So... Apple moves into netbook-land.

Don't get me wrong, I'd love to have a more compact Macbook without the Air pricetag. But isn't this excactly what Steve labeled as "not good at anything" in comparasion to an iPad at the introduction keynote?

Or maybe it will be a high-end netbook, in the Air family.

I do think 11.6" can be a pretty good screen size that allows for a good compromise between "small" and "not frustrating".

Remember I had a Acer netbook with a 9.7" screen, when that was standard.
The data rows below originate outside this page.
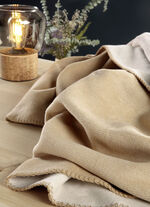 Deken met effen omkeerbare zijkant en gehaakte zoom CREME, NATUUR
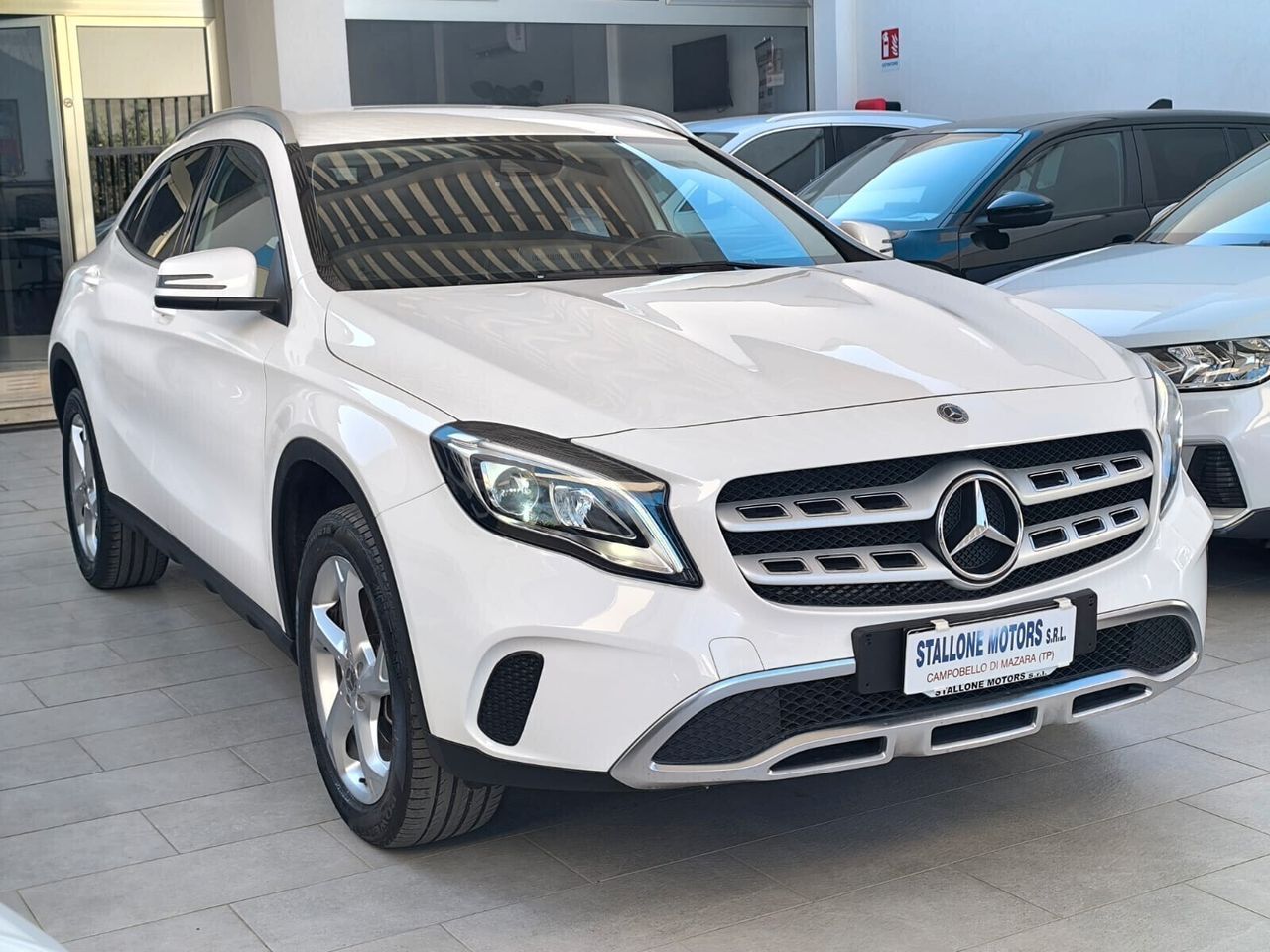 MERCEDES-BENZ Mercedes GLA 200 d Automatic Premium 2019
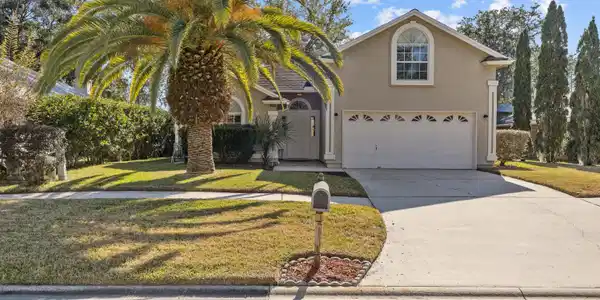 1931 HARBOR ISLAND DR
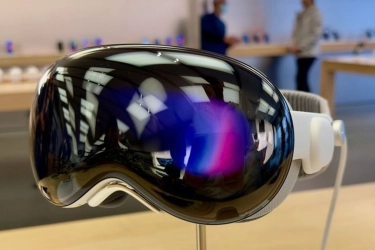 Headset VR Rp 58 Juta Ini Tak Laku Kencang, Apple Rem Produksi Vision Pro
Simply too small.
 
And 11.6"-laptop, with its cramped and scaled-down keyboard--according to my understanding--can be no other thing apart from a netbook.
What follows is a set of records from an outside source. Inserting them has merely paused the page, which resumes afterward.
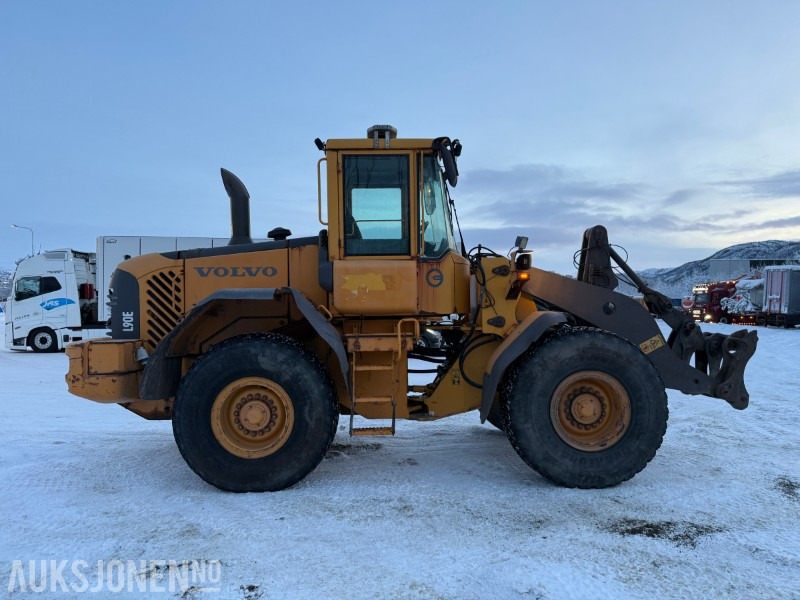 2004 Volvo L90E - Sentralsmøring - Ny motor - Máy xúc lật bánh lốp: hình 4 2004 Volvo L90E - Sentralsmøring - Ny motor - Máy xúc lật bánh lốp: hình 4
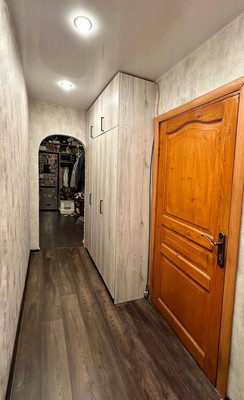 Продам 2-комн. в 3-комн. квартире, Бирюлёвская ул, 5к1, Москва г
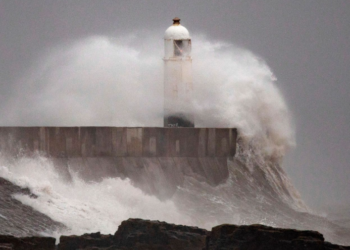 Mbretëria e Bashkuar në alarm, pritet të ‘goditet’ nga stuhia Darragh; çfarë parashikojnë meteorologët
I'm not sure that description is entirely correct.

My Acer netbook with 9.7" screen had a keyboard with 95% the size of full-sized ones.

Yes, that was still frustrating -- enough to not make me want to write anything serious on it other than e-mails, let alone my bachelor graduation paper.
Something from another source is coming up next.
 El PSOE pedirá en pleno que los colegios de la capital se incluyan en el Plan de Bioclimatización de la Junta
But a 11.6" laptop should be able to have a full-sized 100% keyboard if the layout is designed well.
 
Gee, sounds like something that would provide competition to the iPad.

There's no way this is being made.

My prediction
executive notebook

11-12 inch screen, 1440*900

Core iX / AMD laptop

Integrated gfx (FFS these are good enough for everything except gaming)
4GB soldered on the laptop (4GB is good enough for my virtualisation Win7 running 100 000 USD software)

12hour battery life

1.4kg weight

1899 USD price

Right now the Air has shamefully out of date specs for the price. Having said that the actual CPU speed specs are fairly meaningless for the intended audience (executive travellers) - the short battery life, single USB port, lack of Ethernet port (for companies that dont use wifi for security reasons) are more serious limitations.
 
My prediction
executive notebook

11-12 inch screen, 1440*900

Core iX / AMD laptop

Integrated gfx (FFS these are good enough for everything except gaming)
4

1899 USD price

FFS, I better hope something selling for that price can do the occasional game of Starcraft II. :rolleyes:

You don't need Core iX and AMD laptop would come with Radeon HD graphics.

So which is it ? Core i3 with crap graphics or the same performance from a C2D with good graphics performance on top ?

You people wanting Core i3 at any cost baffle me to no end. Aside from marketing hype, what is wrong with C2D ?
 
That would be a sweet machine, but still,it's Apple,nothing a poor part time working full time student like me can afford. :'(
i'm in the same boat man:/
i try to save money every month to ease the pain of finding money when apple releases a new magical toy. i have an addiction.
 
I am very happy about this announcement. I recently bought a 11.6" Acer 1810T because I needed a small, light computer with whole day battery life that I can bring around with me all the time. My 15" MacBook Pro is very light for a 15" notebook, but it's not something that you would want to carry around all the time every day. The current MacBook Air is light and powerful for it's form factor, but is a bit big for a sub-notebook. It's also expensive, maybe not for it's niche as a powerful large sub-notebook, but in comparison to general sub-notebooks and ultimately netbooks that it'll be competing against in the portability factor.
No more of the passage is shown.